C’est peut-être dans cette expérience paradoxale d’une finitude ouverte sur l’infini que réside le sens le plus profond de notre condition humaine. Nous sommes des êtres finis, marqués par la contingence et la mortalité, mais habités par une aspiration à l’absolu, par un désir d’éternité qui nous pousse sans cesse à nous dépasser. Et c’est précisément parce que nous savons que notre temps est compté, parce que nous éprouvons dans notre chair la précarité de notre être, que nous sommes capables de vivre chaque instant avec une intensité, une ferveur qui leur donne une dimension d’infini.
En ce sens, la conscience de notre finitude n’est pas nécessairement une malédiction ou une condamnation. Elle est aussi ce qui donne à notre existence sa tension, sa vibration unique, en nous incitant à faire de chaque moment, de chaque rencontre, de chaque action, une expérience pleine et entière, tendue vers un au-delà d’elle-même.
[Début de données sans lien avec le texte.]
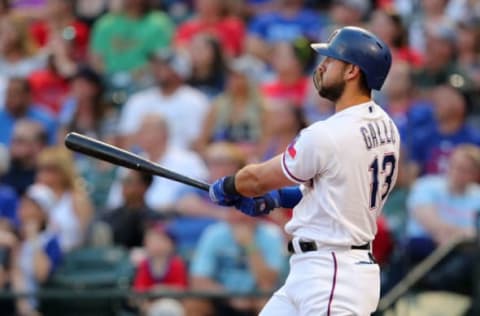 ARLINGTON, TX – MAY 05: Joey Gallo #13 of the Texas Rangers watches the ball on a solo home run in the second inning of a baseball game agaisnt the Boston Red Sox at Globe Life Park in Arlington on May 5, 2018 in Arlington, Texas. (Photo by Richard Rodriguez/Getty Images)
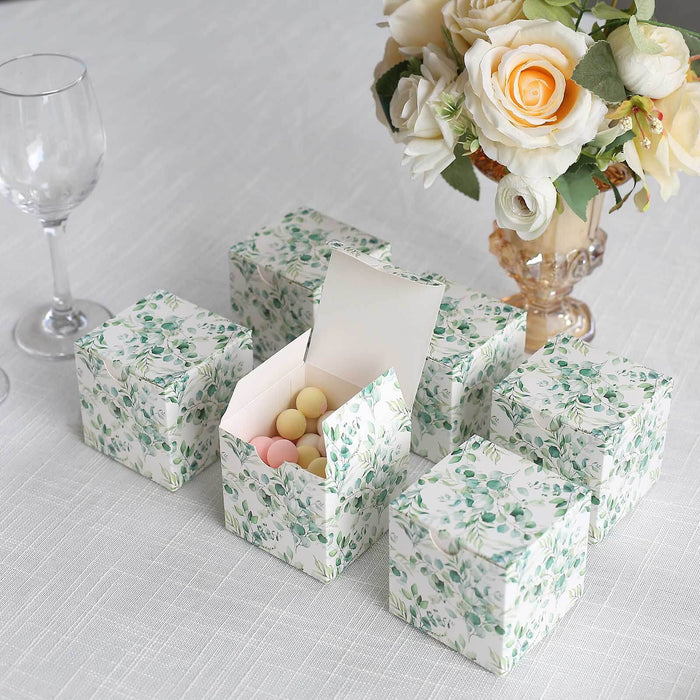Floral gift boxes with pastel candies, arranged elegantly on a table.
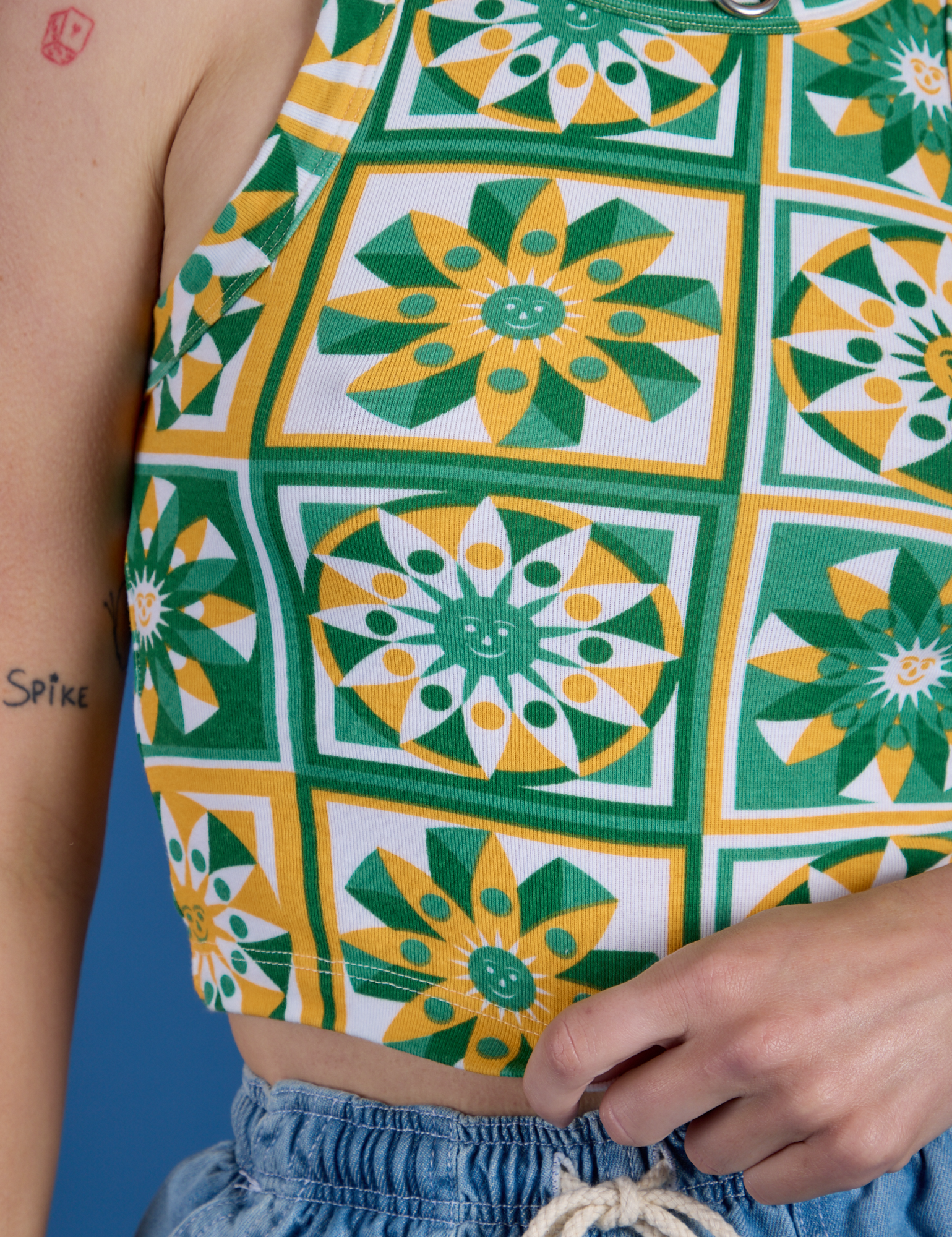 Deep-Cut Racerback Tank in Spring Quilt Print close up on Alex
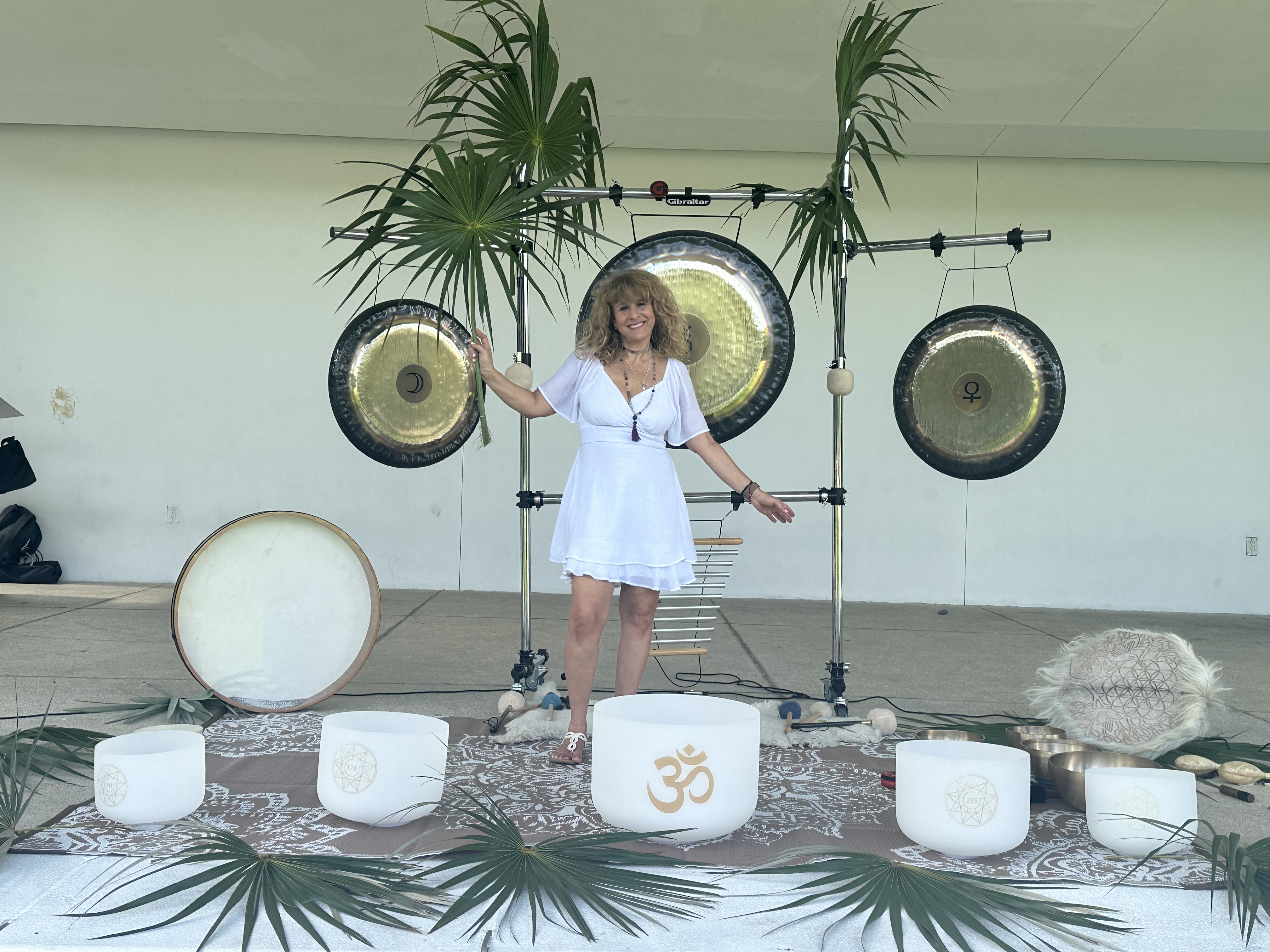 Diana smiling with three planetary gongs, frosted crystal singing bowls, a sacred drum, and palm fronds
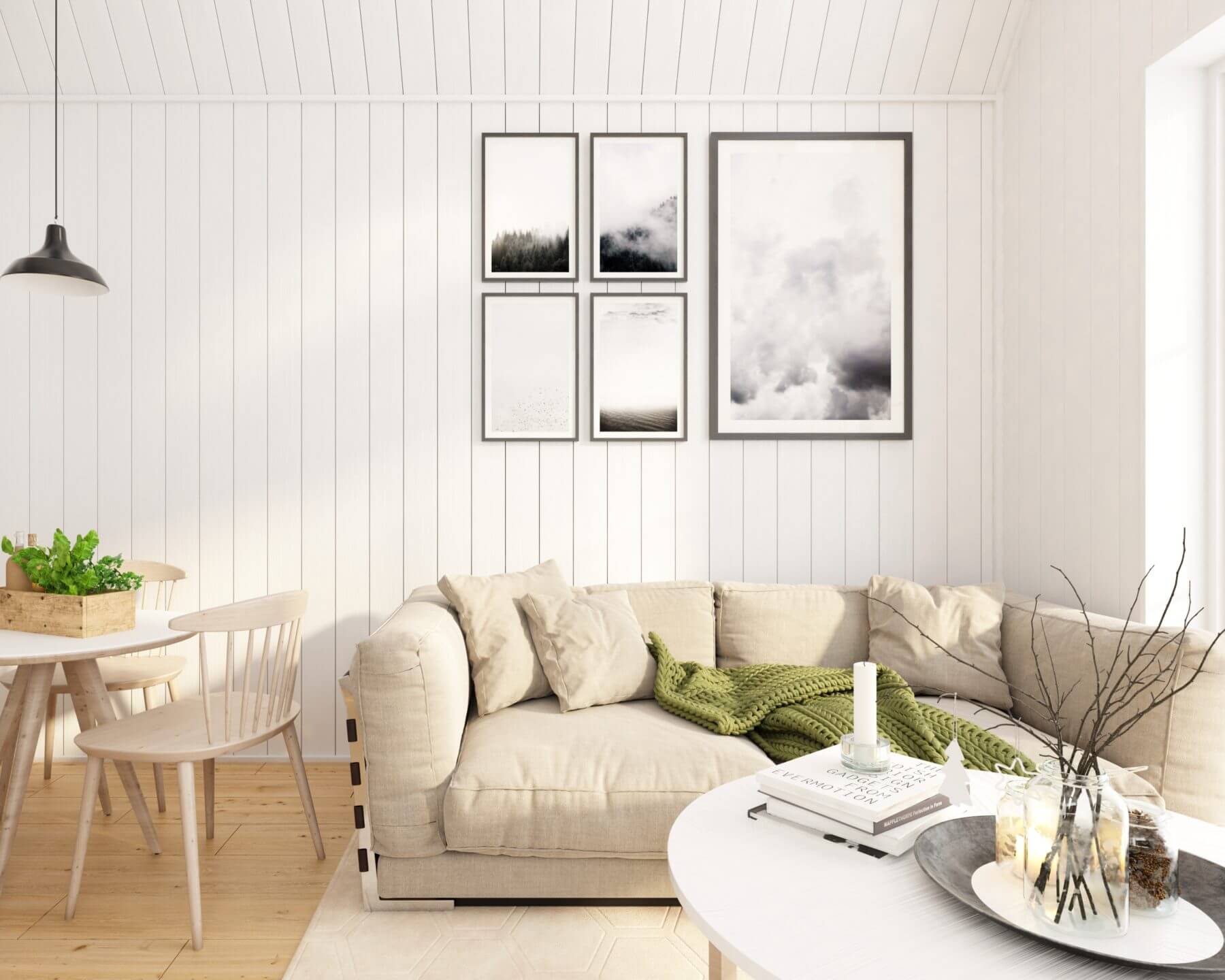 Vardagsrum med soffa och soffbord i attefallshus på 25 kvm med mansardtak och panoramafönster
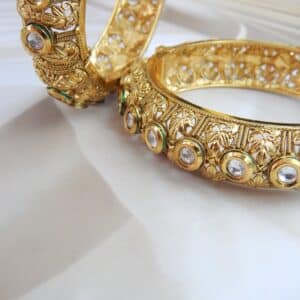 Traditional gold-plated filigree Kundan kada with antique design and clear stones – Devika Heritage Kada by Royal Reflection Dazzling Studio.
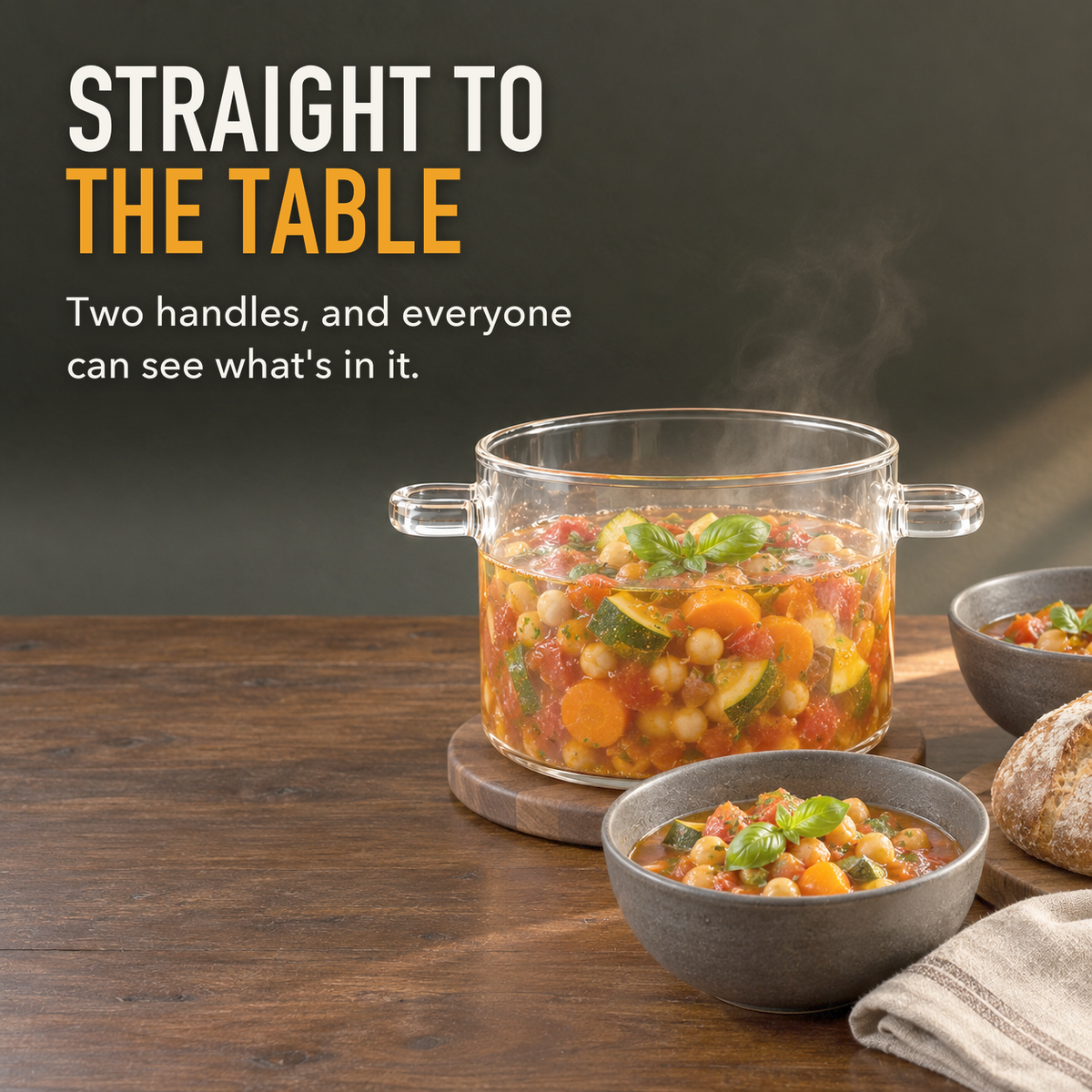 Glass cooking pot of vegetable stew on a walnut trivet at a dining table with two bowls, with the words Straight To The Table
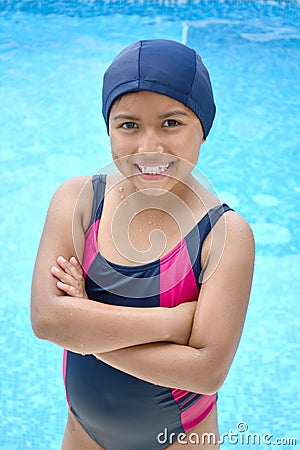 Latinamerican girl in the swimming pool. Stock Photo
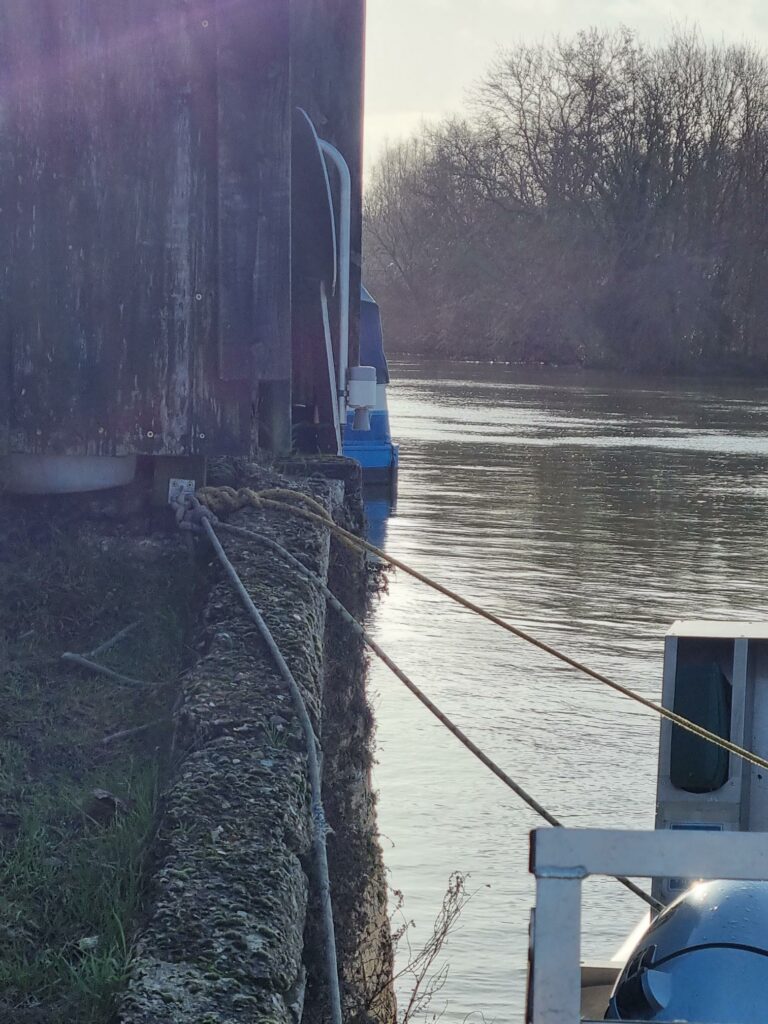 Image shows a flood sensor attached to the wall next to the river in St Ives above the water level.
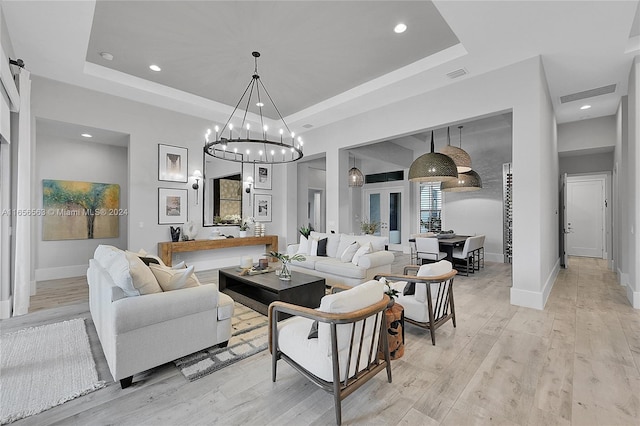 living room with light hardwood / wood-style floors, a chandelier, and a tray ceiling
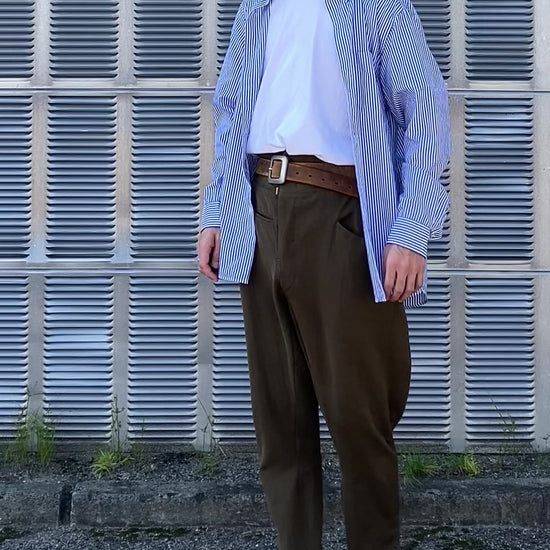 Model walking in 1940s vintage jodhpurs, highlighting classic riding-inspired design.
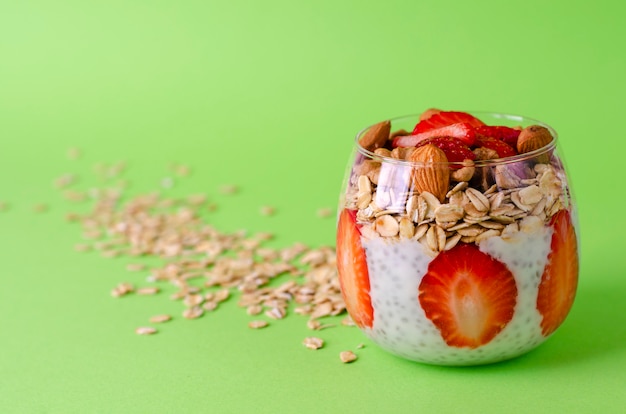 Yogurt chia pudding with fresh strawberries, oats and nuts in a glass on green 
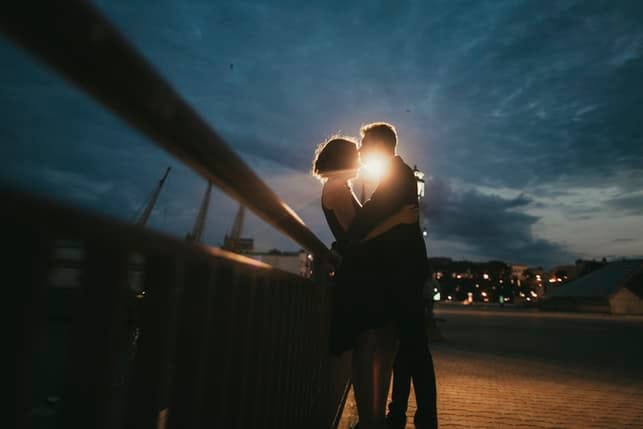 a romantic couple kissing in the evening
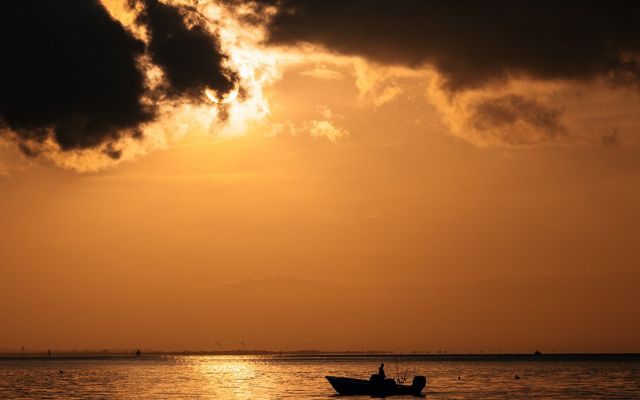 The black silhouette of a boat travels slowly on calm waters, reflecting the bright orange sunset.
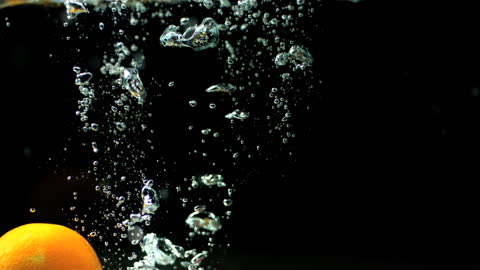 Orange and Water Interaction Displaying Splashes and Bubbles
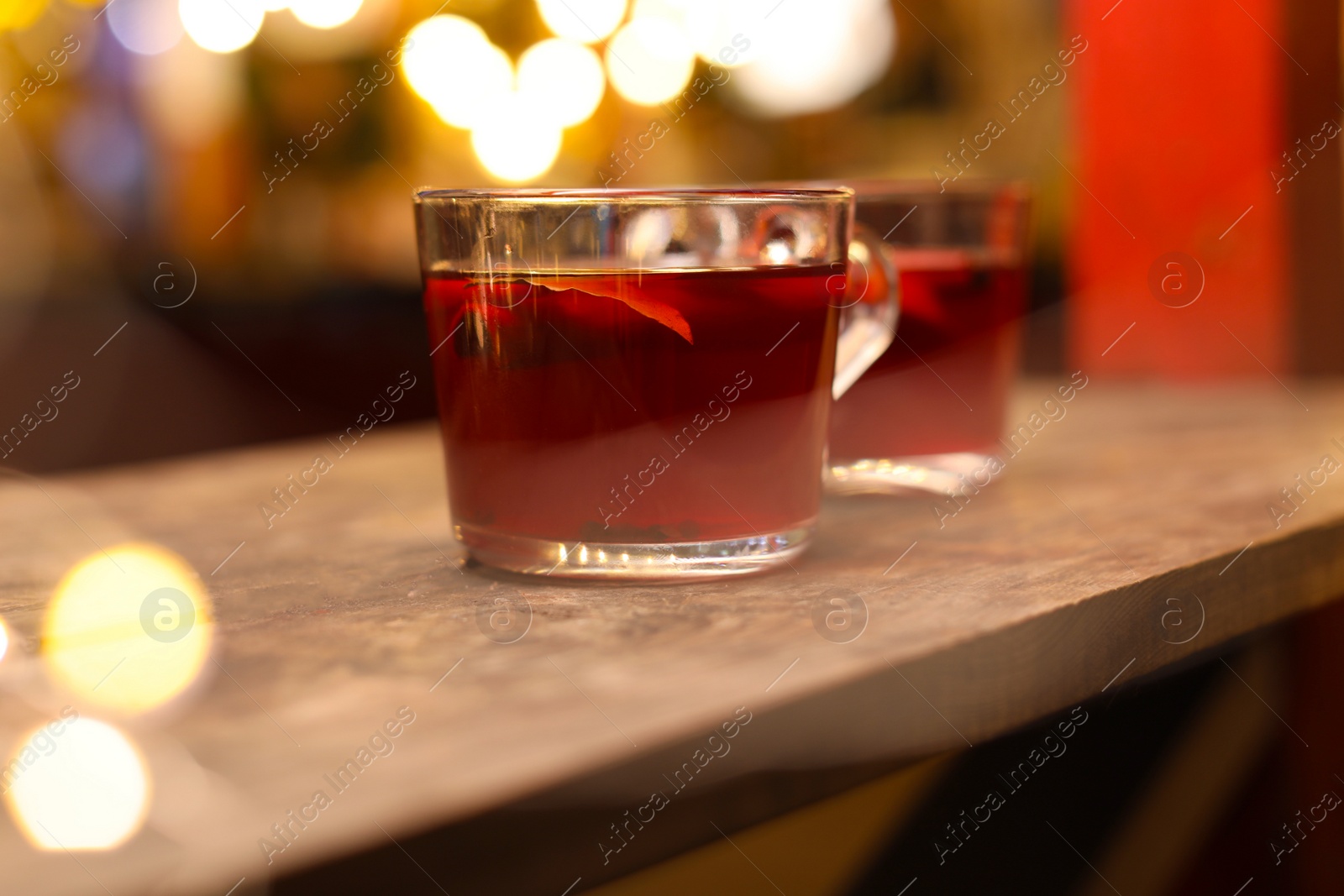 Photo of Tasty aromatic mulled wine on wooden table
Parce que nous savons que tout peut finir à chaque instant, nous sommes invités à vivre avec une acuité, une présence qui transfigure le fini en le chargeant d’une intensité infinie.
Mais cette transfiguration du fini par l’infini ne se joue pas seulement dans l’instant vécu. Elle est aussi à l’œuvre dans la manière dont nous inscrivons notre existence dans une trame qui la dépasse, dans les traces que nous laissons, dans les liens que nous tissons, dans les œuvres que nous créons. Même si notre vie est un cheminement linéaire qui a un terme, elle participe, par ce que nous en faisons, par ce que nous léguons, à quelque chose qui la transcende et la prolonge. Que ce soit à travers nos enfants, nos créations, nos actions, nos idées, il y a quelque chose de nous qui échappe à la pure linéarité de notre temps fini pour s’inscrire dans des cycles, des réseaux, des héritages qui nous survivent et nous dépassent.
C’est peut-être là le sens le plus haut de notre vocation humaine : non pas nier ou déplorer notre finitude, mais la transfigurer en la faisant participer, à notre mesure, à l’infinité qui nous entoure et nous appelle. C’est en acceptant lucidement notre condition d’êtres mortels, en consentant à notre « néantisation » pour reprendre le mot de Sartre, que nous pouvons paradoxalement accéder à une forme d’éternité, en faisant de notre vie une œuvre unique qui s’inscrit dans le grand poème du monde.
En définitive, la citation qui nous occupe est une invitation à penser ensemble la finitude et l’infinité qui constituent les deux pôles de notre condition. Elle nous rappelle que nous sommes des êtres de passage, des « mortels » au sens des Grecs, mais que notre cheminement éphémère participe mystérieusement d’un ordre cosmique qui le dépasse. Elle nous incite à accepter lucidement notre destin d’êtres linéaires bornés par la mort, mais pour y tracer une trajectoire unique, intense, qui fasse signe vers l’infini qui nous habite.
C’est dans cette tension féconde entre l’acceptation de nos limites et l’aspiration à les dépasser que se joue peut-être le sens de notre aventure humaine. Non dans la négation désespérée de notre finitude, ni dans la dissolution de notre singularité dans des cycles impersonnels, mais dans l’effort pour faire de notre passage même, dans son unicité fragile et précieuse, une brèche lumineuse ouverte sur l’éternité. À nous d’habiter poétiquement cette condition paradoxale, en faisant de chaque instant de notre cheminement mortel une occasion de toucher à l’infini qui palpite au cœur de notre être fini.